Electrical Safety 101
OSHA sets electrical safety standards to protect employees that are exposed to hazards that may put them in danger of suffering from electrical shock, electrocution, fires and explosions. Specific standards are set according to the type of industry.
Any employee working directly with electricity must wear arc flash protective clothing. This should include jackets, harnesses, insulated gloves and dielectric footwear. All of the equipment that is carried with the worker or that the worker will be using must also be insulted as well.
Electrical hazards can cause serious burns, shocks and electrocution (death). There are three main causes of accidents and injuries when working with or around electricity:
Unsafe acts happen for two reasons: the person knows better but performs the act anyway or the person does not know better.
Some examples of unsafe acts are:
-Failure to de-energize, lockout and tag out hazards
-Use of defective or unsafe tools
-Using tools that are too close to energized parts
-Using a 3-wire plug with a 2-wire plug
-Not turning off the power when repairing the equipment
-Use of homemade extension cords
-Unguarded live parts such as bare conductors or exposed terminals and in instances where metal parts becoming energized when plugged in.

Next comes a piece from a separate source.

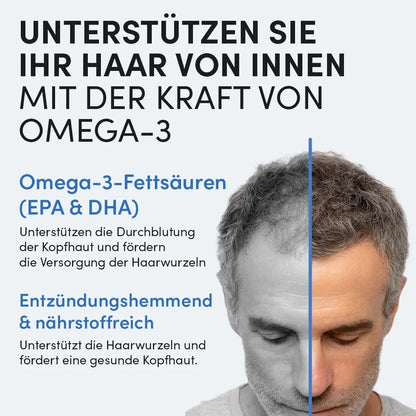 Ein Mann mittleren Alters mit schütterem Haar blickt nach unten, neben einem deutschen Text, der erklärt, wie Dr. Balwi Shop's Daily Omega 3 das Haarwachstum unterstützt, den Haarausfall reduziert, die Durchblutung der Kopfhaut verbessert, Entzündungen bekämpft und das Haar pflegt.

-Flammable vapors, liquids and gasses
-Blocked electrical boxes, flammable materials being stored in equipment rooms and lack of proper hazard signs
OSHA has set forth some general standards for electrical safety
+ Assume that all overhead wires are energized. Never assume that a wire is safe to touch
+ Never touch a fallen overhead power line
+ Stay at least 10 feet away from overhead wires during cleanup
+ If an overhead wire falls on your vehicle, stay in the car and try to drive away from the electric line. Call the local electric company to come and remove the line from the car
+ Never operate electrical equipment while you are in water
+ Never repair electrical equipment unless qualified to do so
+ If equipment has gotten wet, do not use it until a qualified electrician has inspected it first
There is a high incidence of injury and death when working with and around electricity, which is why it is very important to follow electrical safety rules and regulations when around electricity. Following safety rules and using common sense can mean the difference between life and death.